Baron's dealers were also an unhappy lot, as in the 'exchange scheme' setup, the dealers ended up
losing the most. In 1996, a Delhi based Akai dealer commented, "The company is not
compensating us for the Rs 10000 trade-off we give to the consumers. Instead, it pushes on us
two more sets, albeit at a discount, to sell."

As the dealers did not want to block their money like this, a majority of them even stopped
offering the exchange scheme.

A leading dealer in Chennai commented, "In any exchange scheme, it is the customer who gains.
There is nothing much in it for the dealer. Our margins during an offer fall from Rs 1500-1000 to
anywhere between Rs 300-500 per unit. The only advantage of an offer being backed by the
company is the advertising and visibility in the media."

Apart from this, the dealers found it difficult to sell the old units, as the second hand market was
unable to absorb the high volumes generated by the exchange schemes. According to the dealers
it was the customers who were getting the best deal. But Baron's competitors thought otherwise.

They claimed that the actual cost of its products worked out to be much higher than what Baron
claimed.
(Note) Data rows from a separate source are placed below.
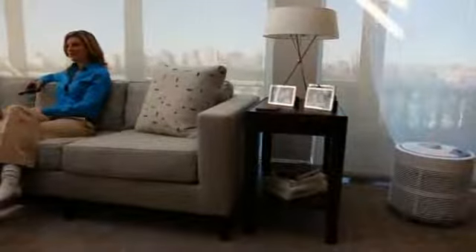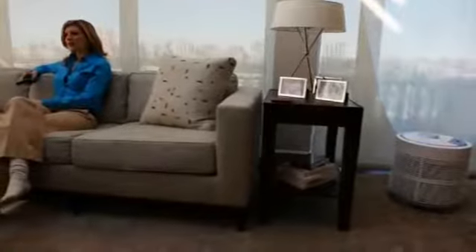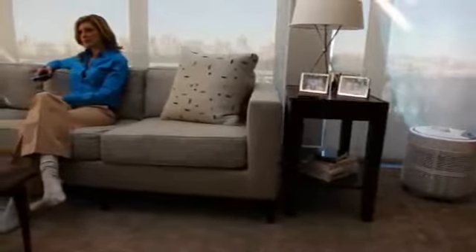Up to now, traditional air purifiers have been used in an attempt to clean all the air in a room. But even top-rated HEPA room units are ineffective at cleaning the air you actually breathe. In fact, tests prove that even in sealed rooms, these machines fail to clean all contaminants. But in the real world, new contaminants continuously enter rooms through vents, around windows and doors, and from people coming and going.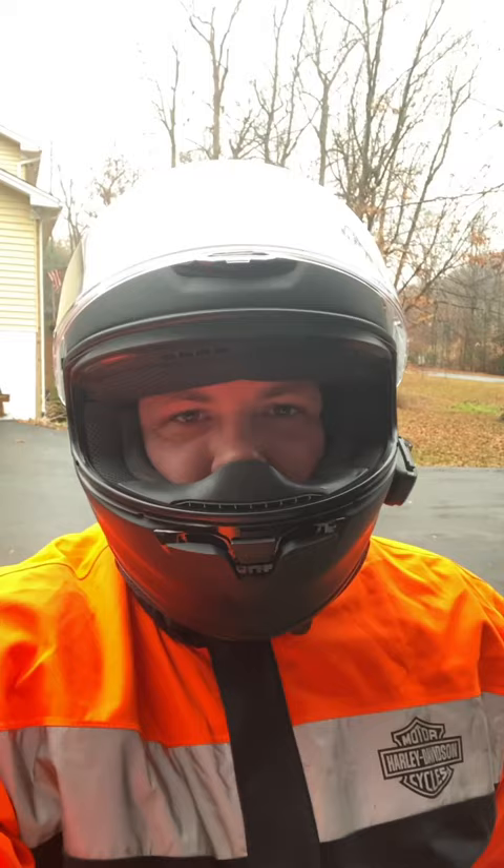All right, what's going on everyone. As you can see, it's raining outside. I just bought some Harley Davidson rain gear the other day, so we're going to make a trip to the store and test it out, see how it does. I'm all buttoned up, got the hood underneath the helmet. Let's go test it out.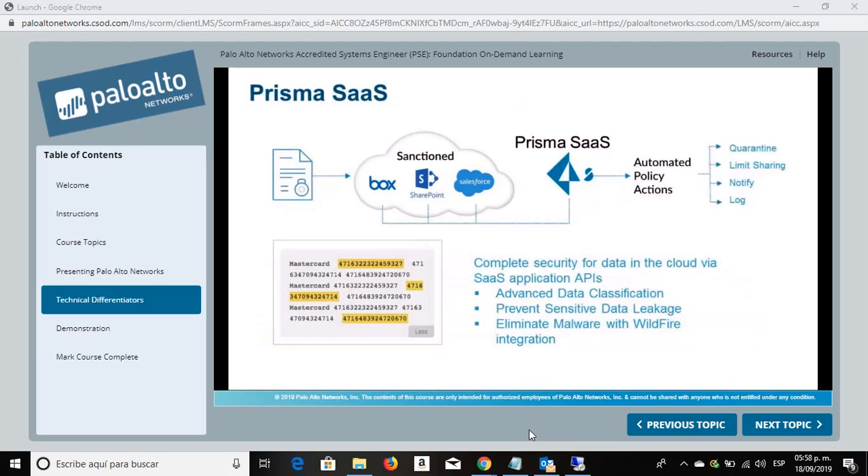Prisma SaaS connects directly to SaaS applications using their APIs. It provides data classification, data leakage prevention, and threat detection to secure sanctioned applications and manage unsanctioned applications. Prisma SaaS gives complete visibility across all users, folders, and file activity. Retroactive analysis of data exposure doesn't just look at data inline, but also looks at data from the creation of the SaaS account itself, no matter how long ago that was. Prisma SaaS provides deep analytics of day-to-day usage to determine if there are any data risks or compliance-related policy violations, and advanced threat protection blocks known malware and identifies and blocks unknown malware.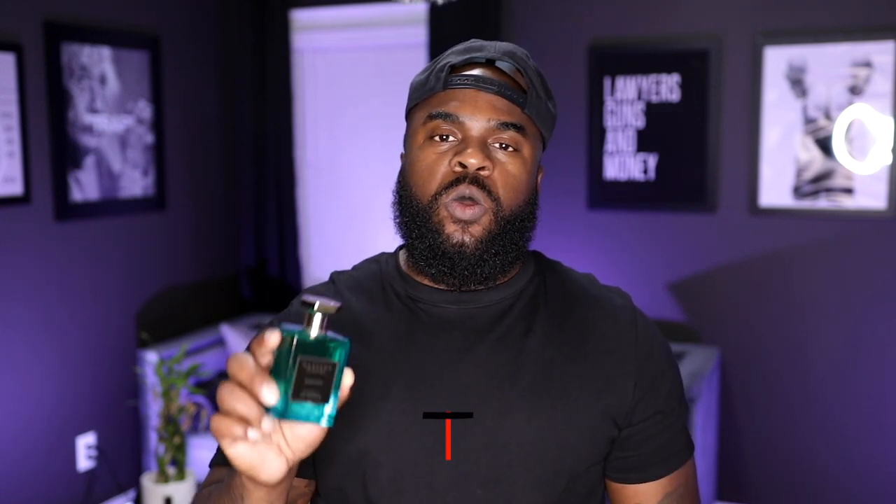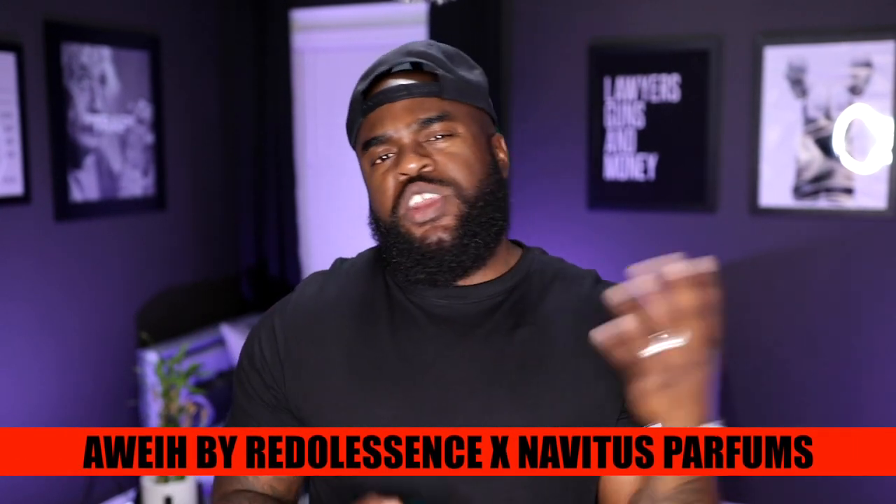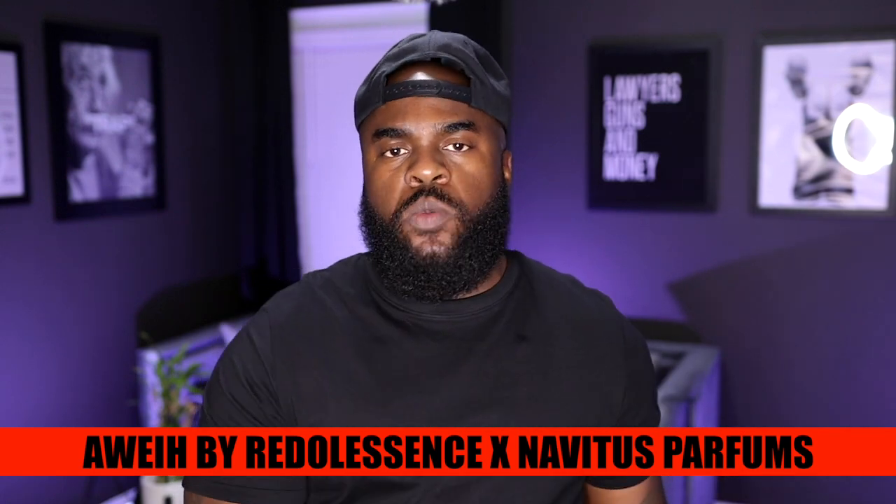Today we're talking about a fragrance from the house of Navitas and it comes from the Steven Sterk collection — this one is called Away. If you know anything about what Steven has talked about with his fragrance collections, the latest three fragrances — Imperial, Blaze, and Away — all have a theme centered around books that he has read. I did a first impression on his channel, but today I'm here to give you the full review and what I've experienced having it in my collection.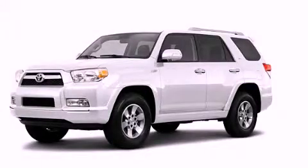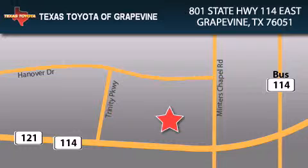We invite you to contact us today to learn more about this vehicle. Texas Toyota of Grapevine is located at 801 State Highway 114 East in Grapevine. Our goal is to exceed all of your expectations to ensure that you'll return for future visits.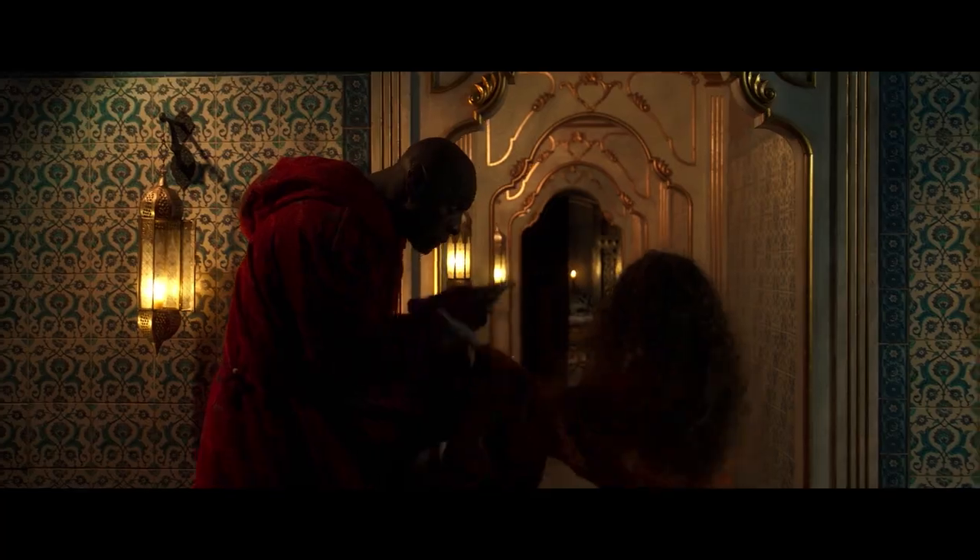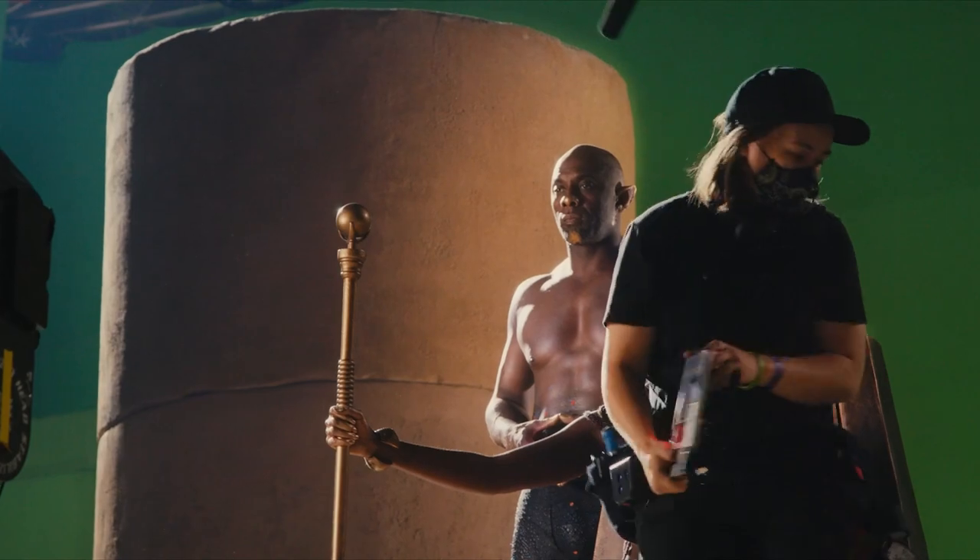The djinn is obliged to tell the stories that really affected him over 3,000 years. Well, it's quite the story — that starts taking us all the way back to the Queen of Sheba.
For instance, the 29-inch TCL television being sold for Rs 16900 worked out to be
much costlier if one added the freight, local levies and sales tax amounting to Rs 2000. Also,
there was the cost of the old television set to be considered. Thus, the prices of Baron products
were in effect, similar to that of competing products.

Baron's rivals also cited the example of the 14-inch TCL CTV at Rs 7139 being much less
attractive than the Rs 6990 BPL CTV, or the Rs 7200 Videocon CTV. Countering this, Sanjay
Chimnani, COO, Baron International commented, "Since this is a 2-speaker model, there is still a
price advantage over competing models, which cost upto Rs 8500." Reacting to this, Philips
India's VP (Marketing), Rajeev Karwal had just this to say. "It is nothing but a mere gimmick."